Я точно свалился с своих эмпиреев: так странно мне казалось перейти на почву узких практических соображений. Я не сомневался, что меня хватит на сколько угодно диссертаций, но я готовил вклад в науку, открывал новые пути – и вдруг, вместо того, мне предлагают ворох монастырских грамот и тощую книжонку в результате! От своего труда я не мог оторваться, каковы бы ни были практические последствия. Магистр, доктор, – не все ли равно, когда я получу ту или другую ученую степень. И я продолжал работу, не послушавшись мнения Ключевского.
Но вот что вышло. Я работу кончил и напечатал. Перед факультетом лежала толстая книга, страниц в 600, с обильными оправдательными документами в приложениях, проникнутая одной мыслью, с строгой классификацией этих данных навстречу выводам и с стройной конструкцией, совершенно новой в науке, в заключительной главе. Проф. Павлов перед диспутом мне сказал:
«Я держусь правила не врываться в дом через задние двери. Но для вас, по вашему указанию, я сделал исключение и прочел прежде всего последнюю главу. Теперь я знаю, для чего вы написали эту книгу». Я думал, что и другие члены факультета получили такое же впечатление, – которым я, собственно, и дорожил. Незадолго перед тем факультет пропустил другую толстую диссертацию моего старшего товарища М. С. Карелина об эпохе Возрождения и, по предложению Герье и Виноградова, дал магистранту сразу докторскую степень. Виноградов сразу заключил из этого, что я заслуживаю такого же отличия. Герье и некоторые другие члены факультета к этому присоединились. Это мнение распространилось и стало общим. Запротестовал… Ключевский! Его пробовали уговаривать. Он остался непреклонен. Когда ему говорили, что книга выдающаяся, он отвечал: пусть напишет другую; наука от этого только выиграет. Члены факультета понимали, что речь идет не о продвижении науки, а о продвижении в университетской карьере. С сокрушением и с негодованием все это мне рассказал и объяснил Виноградов.
Состоялась, наконец, защита диссертации (17 мая 1892 г.).

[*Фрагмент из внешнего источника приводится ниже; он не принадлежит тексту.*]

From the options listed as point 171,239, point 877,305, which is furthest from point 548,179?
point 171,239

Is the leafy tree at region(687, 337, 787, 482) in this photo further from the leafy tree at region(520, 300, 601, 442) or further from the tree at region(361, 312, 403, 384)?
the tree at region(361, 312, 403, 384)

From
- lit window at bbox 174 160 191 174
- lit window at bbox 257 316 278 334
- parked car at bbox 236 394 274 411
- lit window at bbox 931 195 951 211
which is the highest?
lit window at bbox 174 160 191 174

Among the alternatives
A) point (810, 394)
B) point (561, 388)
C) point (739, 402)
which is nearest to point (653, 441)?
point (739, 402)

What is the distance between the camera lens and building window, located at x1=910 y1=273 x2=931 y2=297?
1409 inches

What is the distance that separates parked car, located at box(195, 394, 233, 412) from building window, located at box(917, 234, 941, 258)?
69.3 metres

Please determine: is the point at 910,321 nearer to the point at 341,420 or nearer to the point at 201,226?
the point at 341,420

Бояться этой защиты мне было нечего, даже при таком сильном оппоненте, как Ключевский. Возражать мне можно было только на основании моих же данных. В своих выводах из этих данных я был безусловно уверен. Заменить их другими – значило проделать сызнова мою же работу. При всем моем почтении к Ключевскому я знал, что эта почва спора для него не годится. Свои цели и выводы я разъяснил собравшейся публике во вступительной речи, потом опубликованной. Актовая зала была полна: публика собралась на диспут, как на борьбу чемпионов тяжелого веса. Мнения о том, кто победит, были различные…

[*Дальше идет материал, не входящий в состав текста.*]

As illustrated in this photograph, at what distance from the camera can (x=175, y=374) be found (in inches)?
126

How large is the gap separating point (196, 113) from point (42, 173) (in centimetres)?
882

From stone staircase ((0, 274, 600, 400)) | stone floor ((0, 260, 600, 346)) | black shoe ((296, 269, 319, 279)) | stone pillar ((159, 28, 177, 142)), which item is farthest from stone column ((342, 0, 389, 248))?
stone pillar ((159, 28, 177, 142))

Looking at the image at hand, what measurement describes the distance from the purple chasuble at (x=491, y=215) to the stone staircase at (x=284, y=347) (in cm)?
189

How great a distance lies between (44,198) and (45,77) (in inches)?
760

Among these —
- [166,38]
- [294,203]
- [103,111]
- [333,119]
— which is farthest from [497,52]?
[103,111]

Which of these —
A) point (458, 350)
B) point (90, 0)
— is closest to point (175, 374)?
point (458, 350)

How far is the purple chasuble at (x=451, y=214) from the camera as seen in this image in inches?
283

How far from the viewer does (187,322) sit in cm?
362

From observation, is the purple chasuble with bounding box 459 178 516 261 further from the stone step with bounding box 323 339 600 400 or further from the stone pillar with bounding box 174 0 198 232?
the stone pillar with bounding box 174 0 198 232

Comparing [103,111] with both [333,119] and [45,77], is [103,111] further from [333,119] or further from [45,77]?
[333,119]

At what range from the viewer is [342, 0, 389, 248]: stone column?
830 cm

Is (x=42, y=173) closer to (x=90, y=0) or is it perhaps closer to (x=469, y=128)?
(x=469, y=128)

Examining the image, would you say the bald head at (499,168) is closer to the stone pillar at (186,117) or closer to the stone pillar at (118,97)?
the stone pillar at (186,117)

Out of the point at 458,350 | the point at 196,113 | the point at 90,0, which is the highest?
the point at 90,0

Ключевский выбрал систему высмеивания. Он высмеивал мои статистические данные, которыми сам потом пользовался. Других не было. Он ловил меня на словах и искал противоречий. Опровергнуть это было нетрудно: достаточно было сослаться на общие выводы. Я не припомню, чтобы хоть одно из его возражений было основательно, хотя часть публики, уверенная в авторитете профессора и подчинившаяся его менторскому тону, наверное, думала иначе. У меня росло только чувство оскорбления за эту профанацию, рассчитанную на внешнее впечатление. Диспут кончился. Профессор Троицкий, декан факультета, поднимаясь на кафедру с листком для прочтения решения и встретив меня, спускающегося с кафедры, с соболезнованием сказал: «Что делать, вы рассчитывали на большее, ну, вы напишете другую диссертацию». А я тут же дал себе слово, которое сдержал: никогда не писать и не защищать диссертации на доктора. Через короткое время мои петербургские друзья предлагали мне представить на доктора другую мою научную работу. Я отказался.